I have always wanted to write a book, I think this is a great Idea... but it would be difficult to do without meeting in person. If anyone else is ever up to the task... let me know...

I'm in..

(I may be new to the forum, but I am not new to the lore.)


----------



## Curufinwe (Jan 2, 2002)

*Too start off with*

We could just post Ideas about how it started and such at the moment then find ways of writing it. Ideas to start off with might be that humans are said to of come from the east correct? well why dont we say that they came only a few years after the Eldar .
Dont forget people this is just an idea so dont take me literally. So post ideas here.Any Ideas For any ages etc.

If things get big enough we might even be able to get our own forum thing like RPG's has.


----------



## Lorien (Jan 9, 2002)

unfortunately i dont think this is the only forum that might be contemplating the idea of completing the tolkien lore.....(hate to be a spoiler) 
but hey who cares...????we all have got a lot of free time on our hands and someone should outline a beginning first and then fill in with ideas etc.....so that we have some boundary atleast for a beginning.....

{basically my way of saying count me in!!!!!}


----------



## Curufinwe (Jan 9, 2002)

Which other Forum on the internet? We'll we will have to beat them to it, they can't do the whole thing anyways, that was not what Tolkien had wanted.


----------



## Curufinwe (Jan 9, 2002)

*More Question's.*

How far are they into discussing this and when did they start.
Maybe this is why we have not seen another book on M-E by someone quite different than Tolkien because of the inconsitancy of people wanting to overwhelm there character's thoughts and places etc into the book.

Maybe it should be left alone after all......


----------



## Lorien (Jan 9, 2002)

i dont know which forum.....i'm just saying that if THIS forum can think up something like this wont there be another tolkien forum thinking along the same lines maybe?....this is all a (whatseems to me) a rational and logical thought.....and hey i could be wrong.......
there is no harm in trying.....and i want to try.. 
so lets get some ideas maybe?


----------



## Curufinwe (Jan 10, 2002)

Yeah I guess we have to face it in a positive manner , and not be dismayed that some other place would try and do such a task as we have set out to do.

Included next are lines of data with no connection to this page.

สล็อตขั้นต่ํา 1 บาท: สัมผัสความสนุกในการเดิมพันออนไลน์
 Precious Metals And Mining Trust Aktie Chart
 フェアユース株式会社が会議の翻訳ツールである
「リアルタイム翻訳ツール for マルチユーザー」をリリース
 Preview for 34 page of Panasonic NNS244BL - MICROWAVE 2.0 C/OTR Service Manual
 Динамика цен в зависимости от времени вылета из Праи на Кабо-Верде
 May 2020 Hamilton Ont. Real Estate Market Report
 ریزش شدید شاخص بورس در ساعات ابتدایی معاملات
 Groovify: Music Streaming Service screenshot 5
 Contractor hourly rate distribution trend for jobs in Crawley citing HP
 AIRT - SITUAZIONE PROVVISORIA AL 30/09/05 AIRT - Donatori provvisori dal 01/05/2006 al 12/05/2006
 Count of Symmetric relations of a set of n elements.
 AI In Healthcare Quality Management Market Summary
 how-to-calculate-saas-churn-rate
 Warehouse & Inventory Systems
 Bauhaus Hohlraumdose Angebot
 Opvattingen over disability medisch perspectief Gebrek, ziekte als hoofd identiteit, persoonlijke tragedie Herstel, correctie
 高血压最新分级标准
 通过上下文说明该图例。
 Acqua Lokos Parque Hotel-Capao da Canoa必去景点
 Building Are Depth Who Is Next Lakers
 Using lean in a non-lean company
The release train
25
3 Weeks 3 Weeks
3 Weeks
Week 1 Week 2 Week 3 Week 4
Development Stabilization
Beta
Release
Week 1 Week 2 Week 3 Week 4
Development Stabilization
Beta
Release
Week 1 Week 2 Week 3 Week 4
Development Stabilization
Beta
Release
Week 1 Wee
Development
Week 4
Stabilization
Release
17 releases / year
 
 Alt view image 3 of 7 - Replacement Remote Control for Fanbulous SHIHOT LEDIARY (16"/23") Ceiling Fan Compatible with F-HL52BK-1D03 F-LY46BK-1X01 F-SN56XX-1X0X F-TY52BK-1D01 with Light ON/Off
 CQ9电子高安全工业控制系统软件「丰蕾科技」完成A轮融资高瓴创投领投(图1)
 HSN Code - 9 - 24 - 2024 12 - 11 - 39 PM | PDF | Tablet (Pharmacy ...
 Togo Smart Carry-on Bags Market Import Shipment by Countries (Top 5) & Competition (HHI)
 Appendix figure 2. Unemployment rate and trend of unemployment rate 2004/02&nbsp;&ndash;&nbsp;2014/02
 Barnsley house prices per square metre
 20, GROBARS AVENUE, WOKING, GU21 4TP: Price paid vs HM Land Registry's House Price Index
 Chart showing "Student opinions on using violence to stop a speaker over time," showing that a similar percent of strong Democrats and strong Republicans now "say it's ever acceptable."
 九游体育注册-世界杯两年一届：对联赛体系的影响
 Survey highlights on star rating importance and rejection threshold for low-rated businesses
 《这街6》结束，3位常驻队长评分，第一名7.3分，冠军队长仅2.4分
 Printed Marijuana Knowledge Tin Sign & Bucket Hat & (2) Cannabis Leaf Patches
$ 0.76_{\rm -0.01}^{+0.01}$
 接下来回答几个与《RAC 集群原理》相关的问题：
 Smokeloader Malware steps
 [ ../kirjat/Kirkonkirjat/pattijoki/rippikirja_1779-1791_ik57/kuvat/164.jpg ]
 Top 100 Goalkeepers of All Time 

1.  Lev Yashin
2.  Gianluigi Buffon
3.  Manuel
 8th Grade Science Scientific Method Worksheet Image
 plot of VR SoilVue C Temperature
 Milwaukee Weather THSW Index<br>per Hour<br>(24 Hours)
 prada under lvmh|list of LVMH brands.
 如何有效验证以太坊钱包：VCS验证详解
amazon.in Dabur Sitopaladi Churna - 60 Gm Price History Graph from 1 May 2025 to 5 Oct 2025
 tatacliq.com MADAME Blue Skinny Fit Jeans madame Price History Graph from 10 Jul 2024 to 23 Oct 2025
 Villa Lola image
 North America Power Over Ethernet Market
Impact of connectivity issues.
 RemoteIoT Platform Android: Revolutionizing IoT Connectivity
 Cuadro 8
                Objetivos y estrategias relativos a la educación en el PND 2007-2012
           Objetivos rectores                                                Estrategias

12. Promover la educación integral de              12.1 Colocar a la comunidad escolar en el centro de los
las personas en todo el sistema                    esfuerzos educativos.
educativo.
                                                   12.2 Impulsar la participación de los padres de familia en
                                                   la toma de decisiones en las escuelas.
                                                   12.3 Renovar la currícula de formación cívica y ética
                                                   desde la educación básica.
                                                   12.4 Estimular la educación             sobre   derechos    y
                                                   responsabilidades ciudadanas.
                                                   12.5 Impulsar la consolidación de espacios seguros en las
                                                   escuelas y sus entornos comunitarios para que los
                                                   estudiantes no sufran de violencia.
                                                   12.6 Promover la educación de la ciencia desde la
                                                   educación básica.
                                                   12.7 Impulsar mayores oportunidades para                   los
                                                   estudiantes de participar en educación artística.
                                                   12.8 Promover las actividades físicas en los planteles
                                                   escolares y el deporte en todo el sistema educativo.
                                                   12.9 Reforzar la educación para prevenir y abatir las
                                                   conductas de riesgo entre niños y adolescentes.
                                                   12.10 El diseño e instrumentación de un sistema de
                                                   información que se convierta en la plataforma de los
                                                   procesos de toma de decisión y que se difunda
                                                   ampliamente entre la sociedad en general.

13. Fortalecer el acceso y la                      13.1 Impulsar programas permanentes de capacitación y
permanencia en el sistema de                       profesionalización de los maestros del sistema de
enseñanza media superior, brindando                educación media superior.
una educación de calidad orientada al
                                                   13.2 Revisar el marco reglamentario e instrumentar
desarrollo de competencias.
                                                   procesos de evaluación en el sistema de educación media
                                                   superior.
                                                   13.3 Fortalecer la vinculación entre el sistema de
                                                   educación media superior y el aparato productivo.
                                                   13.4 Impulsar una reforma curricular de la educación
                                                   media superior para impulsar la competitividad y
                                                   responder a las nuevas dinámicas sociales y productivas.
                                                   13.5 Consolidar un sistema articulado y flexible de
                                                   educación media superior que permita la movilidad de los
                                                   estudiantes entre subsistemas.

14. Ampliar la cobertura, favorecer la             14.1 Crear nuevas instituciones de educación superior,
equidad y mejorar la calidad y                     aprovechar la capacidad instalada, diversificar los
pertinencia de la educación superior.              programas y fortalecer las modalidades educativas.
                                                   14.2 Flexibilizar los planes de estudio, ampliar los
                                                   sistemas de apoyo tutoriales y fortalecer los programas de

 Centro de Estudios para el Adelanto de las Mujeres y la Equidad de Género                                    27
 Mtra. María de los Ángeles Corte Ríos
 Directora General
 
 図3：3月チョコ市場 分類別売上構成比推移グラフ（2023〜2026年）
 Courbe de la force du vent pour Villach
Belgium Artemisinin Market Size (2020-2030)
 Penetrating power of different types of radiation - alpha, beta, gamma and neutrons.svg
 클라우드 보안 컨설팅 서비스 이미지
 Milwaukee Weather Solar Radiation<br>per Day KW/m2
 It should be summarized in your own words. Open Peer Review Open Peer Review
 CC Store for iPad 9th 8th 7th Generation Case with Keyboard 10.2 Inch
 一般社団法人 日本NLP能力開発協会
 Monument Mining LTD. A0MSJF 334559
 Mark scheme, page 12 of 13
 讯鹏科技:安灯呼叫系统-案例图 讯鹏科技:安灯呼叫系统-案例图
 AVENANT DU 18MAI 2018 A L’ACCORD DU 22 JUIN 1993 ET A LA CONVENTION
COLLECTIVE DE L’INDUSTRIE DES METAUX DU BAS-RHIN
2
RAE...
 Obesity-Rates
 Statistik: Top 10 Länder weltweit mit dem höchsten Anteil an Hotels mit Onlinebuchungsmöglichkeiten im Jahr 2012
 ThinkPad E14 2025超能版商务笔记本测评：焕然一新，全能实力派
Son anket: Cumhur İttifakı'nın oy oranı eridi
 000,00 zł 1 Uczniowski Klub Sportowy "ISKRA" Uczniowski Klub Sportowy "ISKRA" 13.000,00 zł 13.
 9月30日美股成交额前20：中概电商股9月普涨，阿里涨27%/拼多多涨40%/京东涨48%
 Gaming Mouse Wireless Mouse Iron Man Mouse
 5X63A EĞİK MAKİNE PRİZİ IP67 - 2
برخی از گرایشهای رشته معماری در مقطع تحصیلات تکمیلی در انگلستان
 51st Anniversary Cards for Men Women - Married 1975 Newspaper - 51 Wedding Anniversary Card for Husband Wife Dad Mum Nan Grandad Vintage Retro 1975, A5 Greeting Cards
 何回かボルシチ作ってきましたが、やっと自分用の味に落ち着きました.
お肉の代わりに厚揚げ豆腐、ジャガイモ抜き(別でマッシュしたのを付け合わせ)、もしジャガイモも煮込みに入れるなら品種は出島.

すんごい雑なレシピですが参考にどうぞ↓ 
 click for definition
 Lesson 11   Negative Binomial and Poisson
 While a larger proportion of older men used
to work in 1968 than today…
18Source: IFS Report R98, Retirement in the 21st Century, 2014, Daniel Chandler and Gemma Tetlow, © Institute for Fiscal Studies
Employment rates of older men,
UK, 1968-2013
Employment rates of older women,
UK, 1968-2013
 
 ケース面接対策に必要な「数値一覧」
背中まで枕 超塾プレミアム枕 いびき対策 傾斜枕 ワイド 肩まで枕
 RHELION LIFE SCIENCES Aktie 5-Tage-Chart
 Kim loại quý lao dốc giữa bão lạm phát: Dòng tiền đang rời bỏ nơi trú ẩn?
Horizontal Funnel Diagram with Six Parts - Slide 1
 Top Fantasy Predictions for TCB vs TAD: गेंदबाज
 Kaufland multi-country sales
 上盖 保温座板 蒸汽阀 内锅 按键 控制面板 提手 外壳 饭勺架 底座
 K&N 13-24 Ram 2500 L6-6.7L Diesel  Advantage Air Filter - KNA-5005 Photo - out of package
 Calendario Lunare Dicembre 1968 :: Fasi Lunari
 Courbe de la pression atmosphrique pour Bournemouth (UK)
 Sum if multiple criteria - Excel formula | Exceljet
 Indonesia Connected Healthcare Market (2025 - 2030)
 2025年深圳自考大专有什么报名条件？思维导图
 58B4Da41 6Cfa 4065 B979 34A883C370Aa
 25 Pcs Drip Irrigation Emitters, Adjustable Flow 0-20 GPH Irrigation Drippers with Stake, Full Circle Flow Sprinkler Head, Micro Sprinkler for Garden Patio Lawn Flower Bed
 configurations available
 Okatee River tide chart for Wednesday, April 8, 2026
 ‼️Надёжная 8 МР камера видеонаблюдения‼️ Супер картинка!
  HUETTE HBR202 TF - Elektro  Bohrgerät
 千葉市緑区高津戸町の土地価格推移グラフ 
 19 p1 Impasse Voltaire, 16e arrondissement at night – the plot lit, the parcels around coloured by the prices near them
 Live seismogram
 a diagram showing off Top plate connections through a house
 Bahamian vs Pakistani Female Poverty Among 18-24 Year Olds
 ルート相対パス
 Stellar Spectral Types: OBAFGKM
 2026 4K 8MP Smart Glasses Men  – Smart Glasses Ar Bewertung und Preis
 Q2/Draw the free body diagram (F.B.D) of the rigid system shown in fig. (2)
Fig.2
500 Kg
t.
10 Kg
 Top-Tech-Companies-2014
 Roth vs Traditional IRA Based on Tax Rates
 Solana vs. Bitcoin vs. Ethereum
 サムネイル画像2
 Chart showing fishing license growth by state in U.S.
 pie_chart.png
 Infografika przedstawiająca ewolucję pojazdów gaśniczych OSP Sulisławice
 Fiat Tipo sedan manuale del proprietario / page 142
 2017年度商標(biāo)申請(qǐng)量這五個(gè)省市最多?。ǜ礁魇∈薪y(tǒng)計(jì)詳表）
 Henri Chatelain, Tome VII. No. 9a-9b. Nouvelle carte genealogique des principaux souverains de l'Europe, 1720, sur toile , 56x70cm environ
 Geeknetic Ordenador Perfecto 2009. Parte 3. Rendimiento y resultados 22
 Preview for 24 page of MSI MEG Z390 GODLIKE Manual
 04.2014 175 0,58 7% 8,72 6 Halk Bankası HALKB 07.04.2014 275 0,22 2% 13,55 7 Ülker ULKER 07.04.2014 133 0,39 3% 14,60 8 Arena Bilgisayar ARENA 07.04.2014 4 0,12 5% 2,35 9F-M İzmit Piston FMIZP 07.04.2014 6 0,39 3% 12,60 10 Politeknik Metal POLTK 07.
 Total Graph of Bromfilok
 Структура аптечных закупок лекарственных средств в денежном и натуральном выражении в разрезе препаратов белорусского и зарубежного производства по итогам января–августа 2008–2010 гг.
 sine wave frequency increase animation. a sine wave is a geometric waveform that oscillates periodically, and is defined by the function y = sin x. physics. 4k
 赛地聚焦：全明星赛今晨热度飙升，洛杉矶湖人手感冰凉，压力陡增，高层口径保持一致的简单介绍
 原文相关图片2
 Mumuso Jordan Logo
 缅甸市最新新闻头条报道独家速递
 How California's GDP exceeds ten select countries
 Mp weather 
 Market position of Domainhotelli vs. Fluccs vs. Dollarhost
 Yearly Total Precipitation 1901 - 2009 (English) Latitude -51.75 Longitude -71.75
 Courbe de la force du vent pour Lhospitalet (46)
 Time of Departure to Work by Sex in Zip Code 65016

Anyhow where should we start? Like the story auindale or like when the elves first came to M-E there was two groups one that were found by the Valar and one that were no where near being found because they were in the east or something?


----------



## Lorien (Jan 10, 2002)

i think it should start out like the ainulidae.......that was always to my liking....and then we could slowly change over to a story style......


----------



## aragil (Jan 11, 2002)

Curufinwe- (regarding your first question- has anyone else ever published Middle-Earth fiction) I think that Kementari once stated that Marion Zimmer Bradley (_Mists of Avolon_) wrote a book about Aragorn and Arwen. I don't know if it's true or not, but I thought you might like to know.


----------



## Atticus (Jan 11, 2002)

You are right, if anyone is to be trusted to do this, it's us, the readers. And we should, before they pick some hollywood dude to do it; so as to capitalize on the movie hype.

We should do this, whether being able to get together or not, I have some ideas, as I have thought of this before. Anyway, good luck to us all.


----------



## Curufinwe (Jan 11, 2002)

Could one of the people who run the board's make a board thing like they have for the RPG's?m I think it would be easier if we had one to add threads to about some ages and ideas for that age.


----------



## Lorien (Jan 11, 2002)

dont u think we should try getting more people into this thread first? i mean guys that know a lot of stuff and all like grond, telchar etc....


----------



## Curufinwe (Jan 12, 2002)

yeah but we would need promoting, if we made the i dunno what it is thing like the rpg's have people will wander in and start posting ideas and such so it would be out in the open instead of in the silmarillion section where hardly any people will look at it.


----------



## Lorien (Jan 12, 2002)

but then u have the danger of too many people giving too many ideas...
and then some people wud have the unfortunaste job of sorting thru all those ideas and finding the good ones....
so i say leave it in the silmarillion let it grow for a bit and then we can expand....
otherwise it'll just be too much..


----------



## Curufinwe (Jan 12, 2002)

Okay fine we'll stay here but we are going to have to designate positions and jobs arent we soon if thi thing gets large, which I dont think it will because we havent had too much of a huge input. Maybe if some people are in charge of some years then there are people in charge of like ages which the year people talk to then we have one main person.


----------



## lilhobo (Jan 12, 2002)

this is what they are doing with Music, where everyone can logg in and add pieces of track to a musical score etc....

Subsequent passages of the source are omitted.